(INPUT DATA)

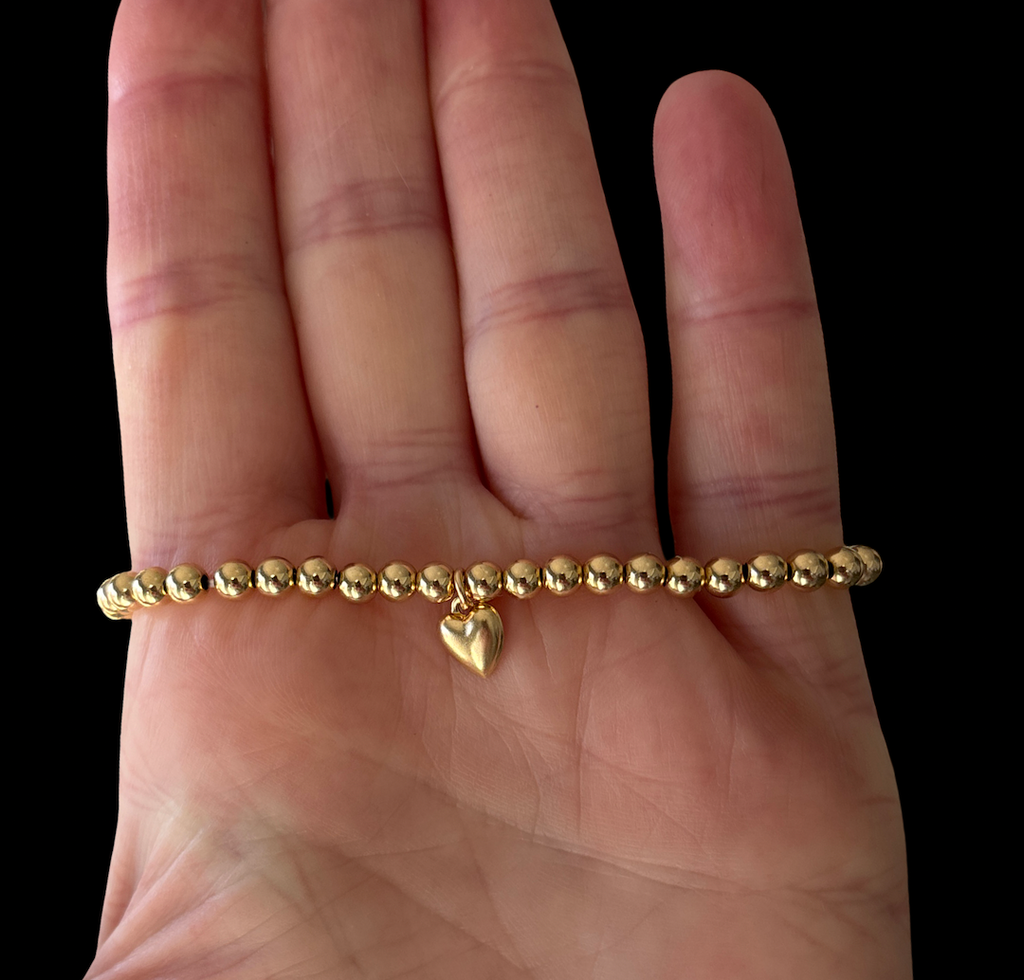 Timeless 4mm Gold with Gold Heart Charm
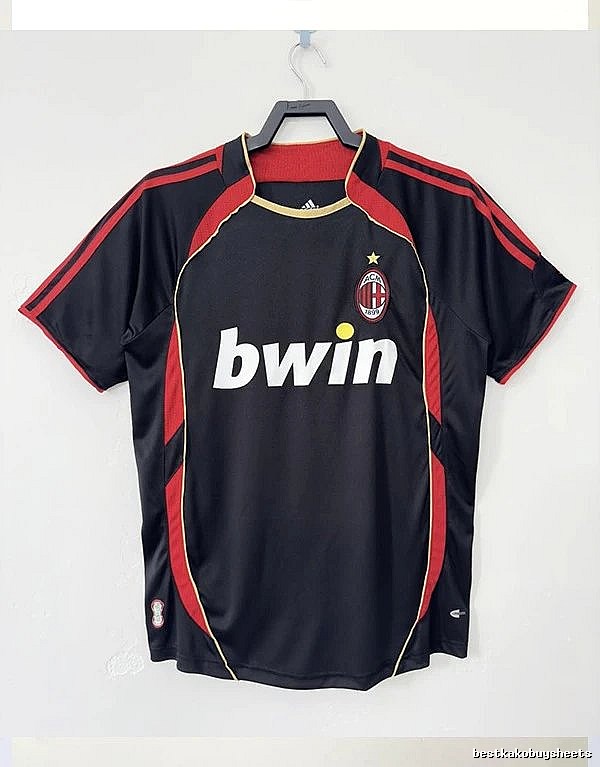 AC Milan Relaxed Retro soccer jersey Red Black Striped with Designer-Inspired Detail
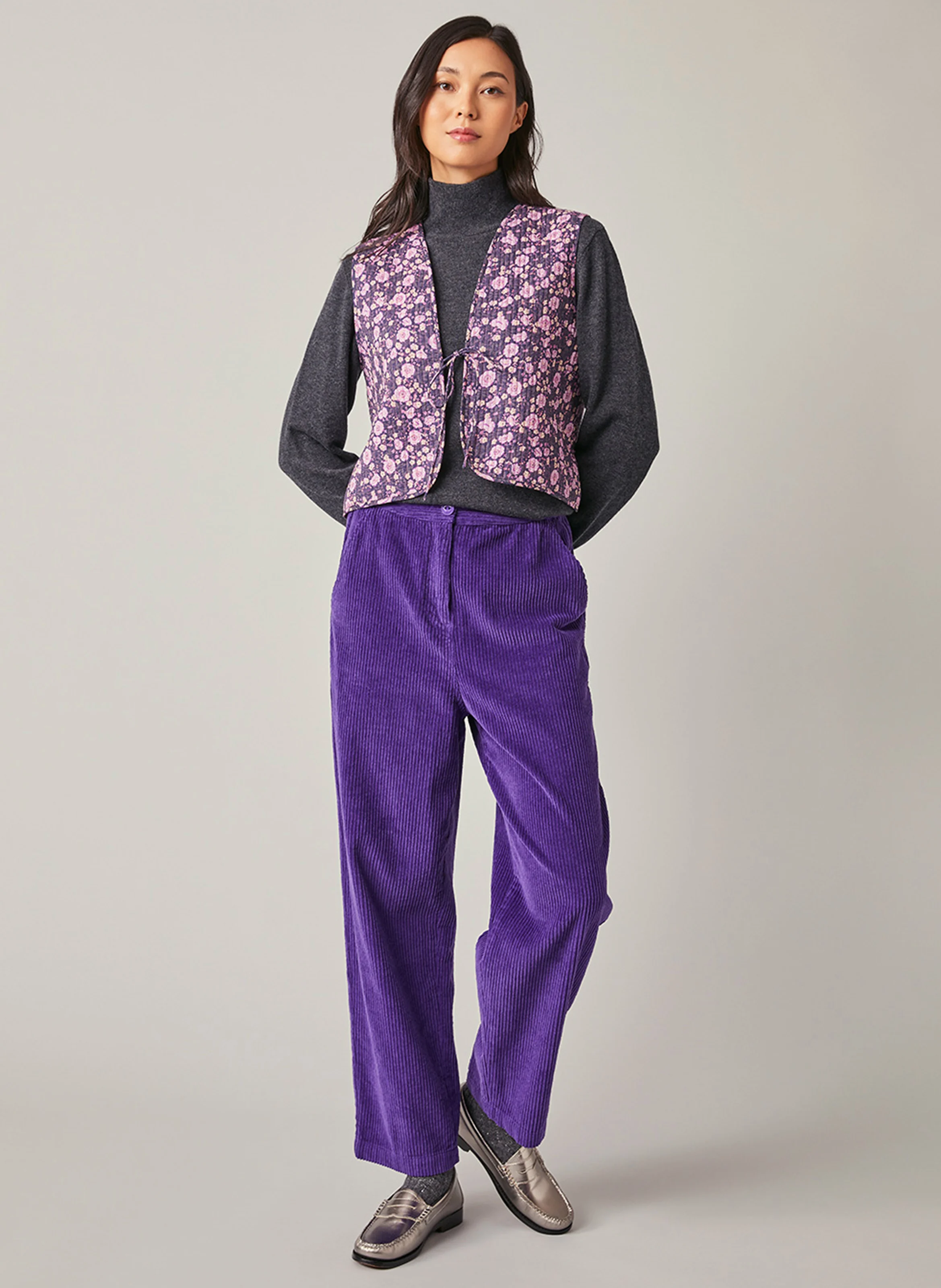 FRANCK - Pantalon droit en coton| Violet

(EXERCISE GOAL)
Every line above goes into your copy exactly; no images go in.

(SOLUTION FOR THIS PROBLEM)
 Timeless 4mm Gold with Gold Heart Charm
 AC Milan Relaxed Retro soccer jersey Red Black Striped with Designer-Inspired Detail
 FRANCK - Pantalon droit en coton| Violet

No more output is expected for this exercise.